▶ [About this task]: When the line containing "Lunární meteorit NWA 17865 – 0,3g – Alžírsko" appears in the entries below, begin printing there and stop after the line containing "USS Mount Whitney Arrives in Kiel, Germany"; print each of those lines exactly and no other line.

▶ [Exercise data]:
============

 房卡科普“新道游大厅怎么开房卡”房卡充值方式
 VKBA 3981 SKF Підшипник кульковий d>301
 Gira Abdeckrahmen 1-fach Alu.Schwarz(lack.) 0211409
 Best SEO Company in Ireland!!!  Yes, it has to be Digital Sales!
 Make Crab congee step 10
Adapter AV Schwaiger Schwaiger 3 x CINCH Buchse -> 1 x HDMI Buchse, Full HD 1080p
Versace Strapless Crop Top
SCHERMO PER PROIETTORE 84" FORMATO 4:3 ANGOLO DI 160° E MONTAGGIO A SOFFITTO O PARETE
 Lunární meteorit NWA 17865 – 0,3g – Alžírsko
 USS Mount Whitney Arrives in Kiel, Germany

============

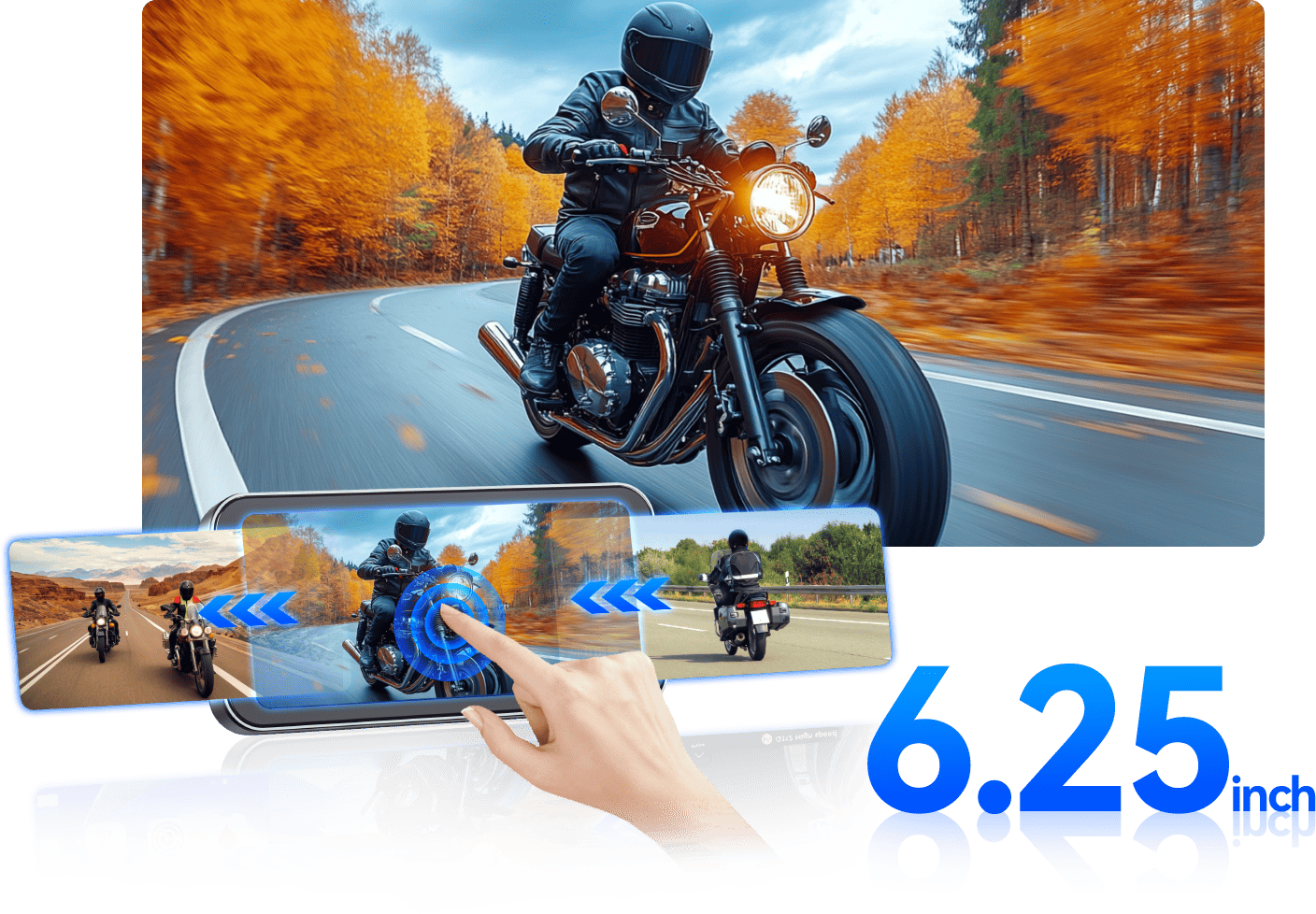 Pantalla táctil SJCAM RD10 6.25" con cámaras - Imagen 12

============

▶ [Reply]:
 Lunární meteorit NWA 17865 – 0,3g – Alžírsko
 USS Mount Whitney Arrives in Kiel, Germany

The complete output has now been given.